“Tem o duque [de Bragança] nos seus estados grandes bancos de mármores alvíssimos, de veios amarellos, e doutras espécies, muitos e excelentes”.1
É assim que Giovanni Battista Venturino da Fabriano, secretário do legado pontifício Miguel Bonelli, Cardeal Alexandrino (1541-1598), comenta a qualidade dos mármores de Estremoz-Vila Viçosa, em novembro de 1571.
A descrição, ainda que sucinta, refere-se naturalmente às pedreiras de mármore que já por esse tempo marcavam a paisagem da região. De partida para Estremoz, o cronista volta a referi-las sem mais outra observação: “Ao redor da villa (de Borba) ha montes de pedra marmore com veios vermelhos, a qual serve para edifícios”.2
O comentário deste cronista italiano mostra como a “pedra branca de Estremoz”, assim chamada genericamente no século XVI, foi usada como matéria nobre na arquitetura e na escultura da região ao longo do tempo desde a Antiguidade.

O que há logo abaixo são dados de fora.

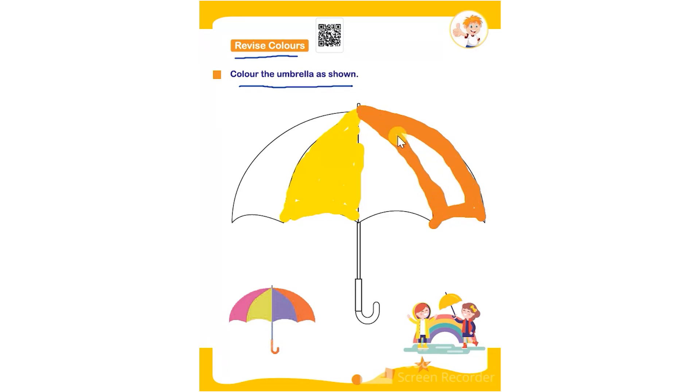They have to color this part using orange color and this part using blue color to complete the umbrella coloring worksheet.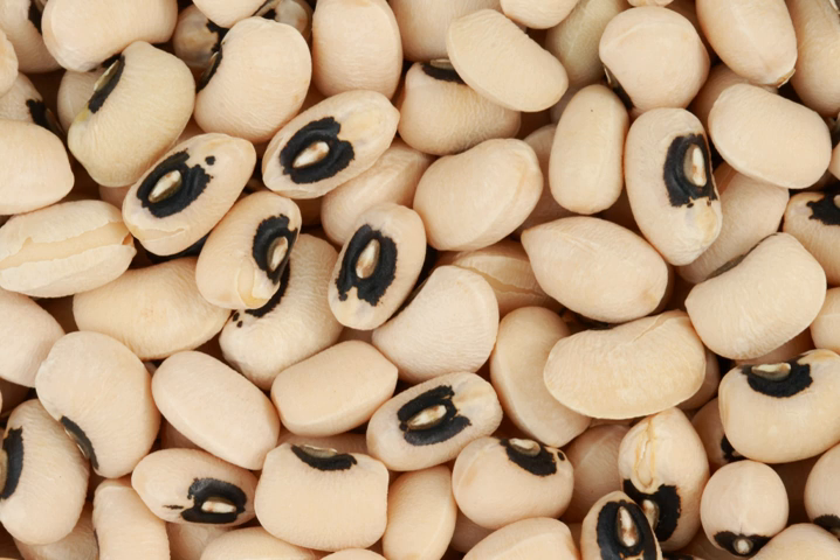In North America, Hoppin' John, made of black-eyed peas, rice, and pork, is a traditional dish of the Southern United States. Texas caviar, another traditional dish in the American South, is made from black-eyed peas marinated in vinaigrette-style dressing and chopped garlic, and served cold.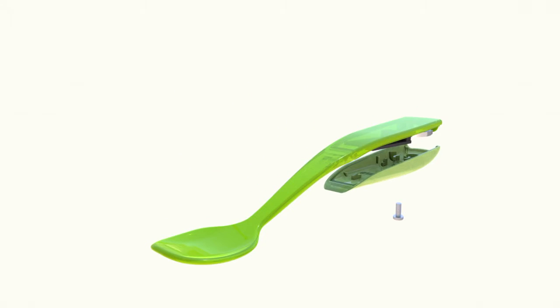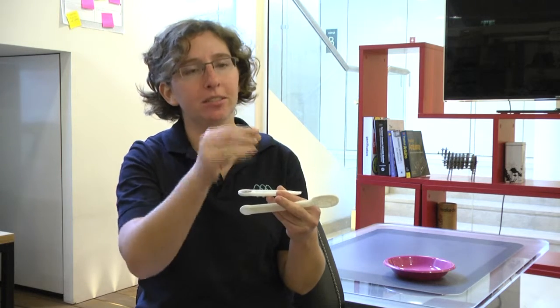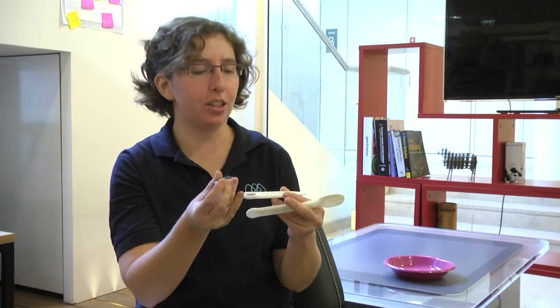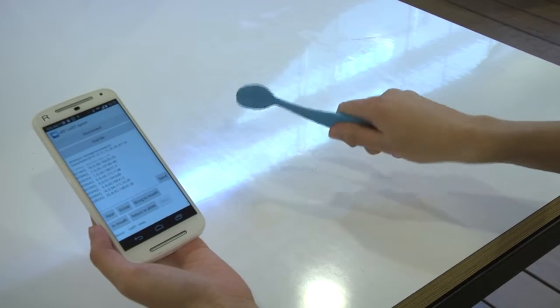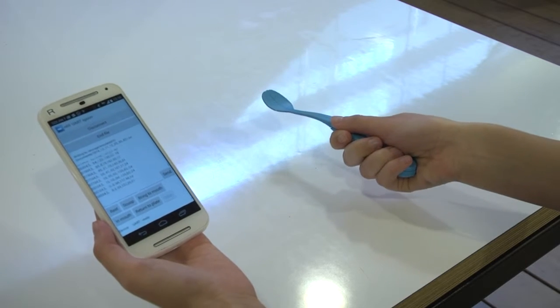Our research team has developed DataSpoon, a digital spoon that monitors self-feeding abilities and provides dynamic visualization to a parent or therapist. The spoon contains an Arduino clone, which has a 9 degree of freedom motion sensor and onboard Bluetooth communication. The spoon can measure subtle motions of the hand in real time and communicate them to an Android smartphone.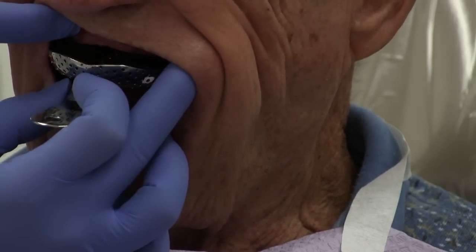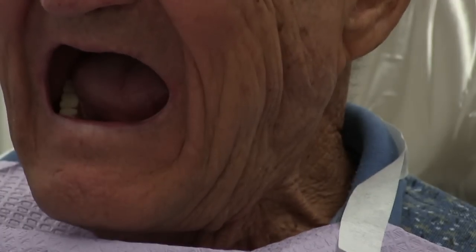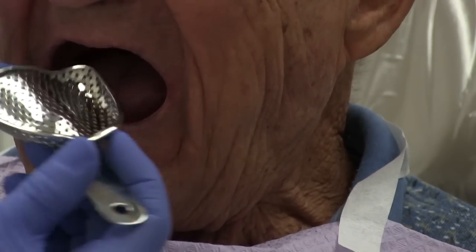This is the perforated, reusable, sterilizable edentulous tray — not a dentate tray. It's an edentulous tray.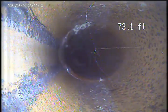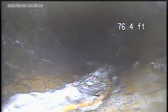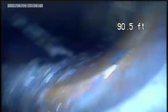Some more roots around 70. Alright, here's another offset. It's clean.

E não só na região limítrofe. Na verdade, o território que fez uso do mármore do anticlinal de Estremoz transcende largamente as fronteiras do Alentejo e até da Extremadura espanhola, atingindo o interior da Península Ibérica, em pontos tão diversos como Toledo e Cuenca.3
Não é de surpreender, pois, a “presença massiva” da “pedra branca de Estremoz” na monumentalidade de Emerita Augusta, capital provincial da Lusitânia, em espaços públicos como o teatro ou o fórum, bem como na maioria dos retratos escultóricos e corpos estatuários reunidas no atual Museu de Arte Romano de Mérida.4
Note-se ainda que o mármore, ele próprio, é sinónimo de romanidade, dado que através dele se propagou a ideologia romana, em particular na época imperial. Veja-se o caso de Évora, a antiga Ebora Liberalitas lulia, que reservou ao mármore a sua melhor realização plástica (os capitéis do templo), bem como o lajeamento integral do fórum, dois sinais convincentes da expressão monumental da cidade e do estatuto das suas elites.

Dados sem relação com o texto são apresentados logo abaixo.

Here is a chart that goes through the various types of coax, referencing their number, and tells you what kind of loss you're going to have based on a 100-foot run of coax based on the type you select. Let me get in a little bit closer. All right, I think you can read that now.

Além das obras escultóricas romanas de Mérida e de Évora, que mostram exemplarmente como o uso do mármore foi um fator de prestígio e um ideal de beleza, recorde-se que a exploração do mármore com propósitos escultóricos e arquitetónicos não se restringiu ao período romano.
Durante a Idade Média o mármore estremocense continuou a ser usado em obras de maior apuro e identidade devocional, nomeadamente em muitos monumentos funerários. Destes, destaque para os túmulos quatrocentistas de Vasco Esteves de Gatus na igreja de São Francisco de Estremoz e de Fernão Gonçalves Cogominho, hoje no Museu nacional Frei Manuel do Cenáculo, em Évora.

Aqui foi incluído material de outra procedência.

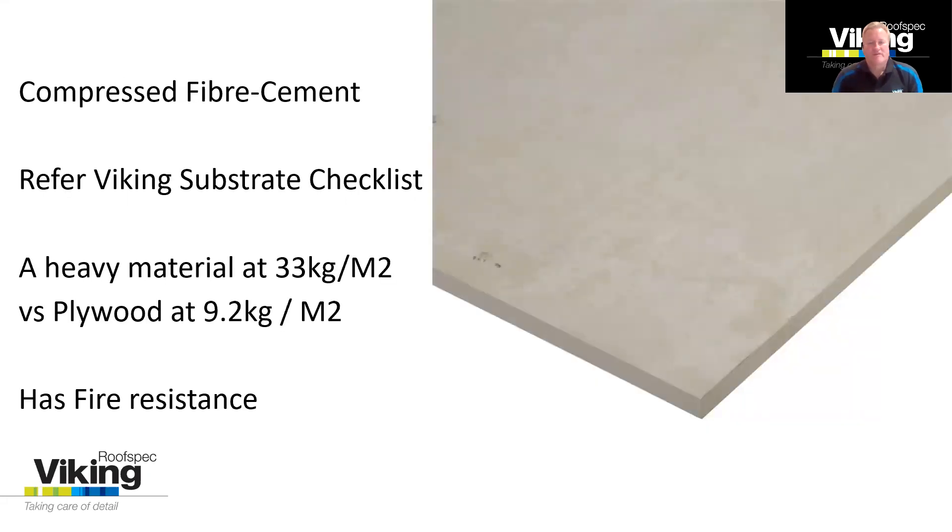Compressed fiber cement is rarely used, but it is sometimes used — for example where you need fire resistance or fire protection between boundaries. It's actually quite an expensive board and reasonably difficult to install. It doesn't offer anything over plywood when it comes to minimizing the chance of substrate movement. It is about three times the weight and a bit more difficult to install. So the only places we typically see this are where you need fire protection, which you won't get with 17mm plywood.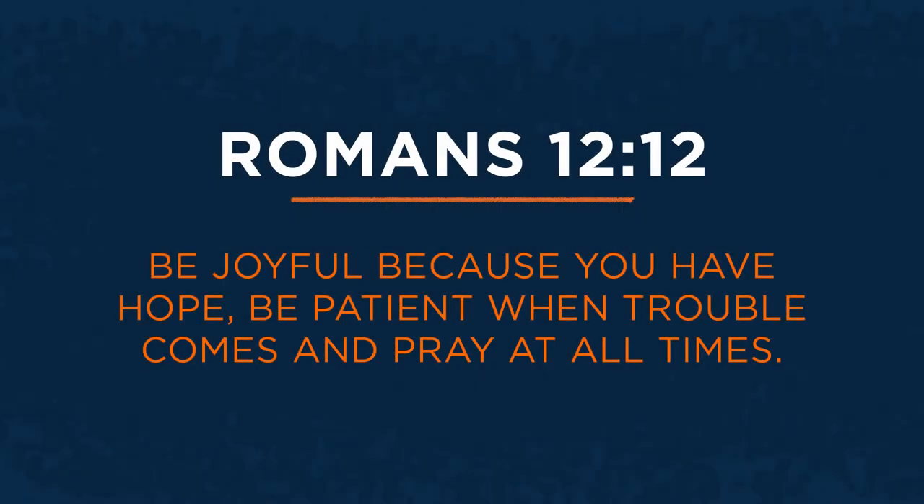Romans 12:12 says: 'Be joyful because you have hope. Be patient when trouble comes and pray at all times.' This verse says we can be joyful because we have hope — just like in the story of Habakkuk, God let him know he has a solution to the problems, but he just had to wait and be patient. Be patient when troubles come — whether you're stressed about not being at school, finding homework tough, or because your favorite thing is soccer and you're not able to do it. And then: pray at all times. This is an opportunity to pray and have conversations with God about what he might do with this time in our lives.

Nesta cidade, e já numa dimensão estritamente escultórica, também importa destacar o apostolado do portal principal da catedral, obra maior da escultura gótica portuguesa.
Todavia, o caso mais excecional do uso do mármore numa dimensão estritamente arquitetónica é a torre de menagem do castelo de Estremoz. Principiada a construir durante o longo reinado de D. Dinis (1279-1325), a sua antiguidade, imponência (c. de 27 m de altura), estado de conservação e sobretudo o facto de estar integralmente construída em mármore fazem dela um edifício militar único em todo o espaço peninsular e até europeu (foto).
Este pequeno mostruário do uso artístico da “pedra branca de Estremoz” ao longo dos séculos, constituindo ele mesmo um importante património identitário do Alentejo e da Extremadura, mostra como as relações transfronteiriças se ligam por laços históricos muito diversos e muitas vezes inesperados. Na verdade, o mármore, como recurso patrimonial, é hoje um fator indispensável à diferenciação do turismo cultural e, consequentemente, à sustentabilidade social e económica destes dois nossos territórios de um lado e outro da fronteira.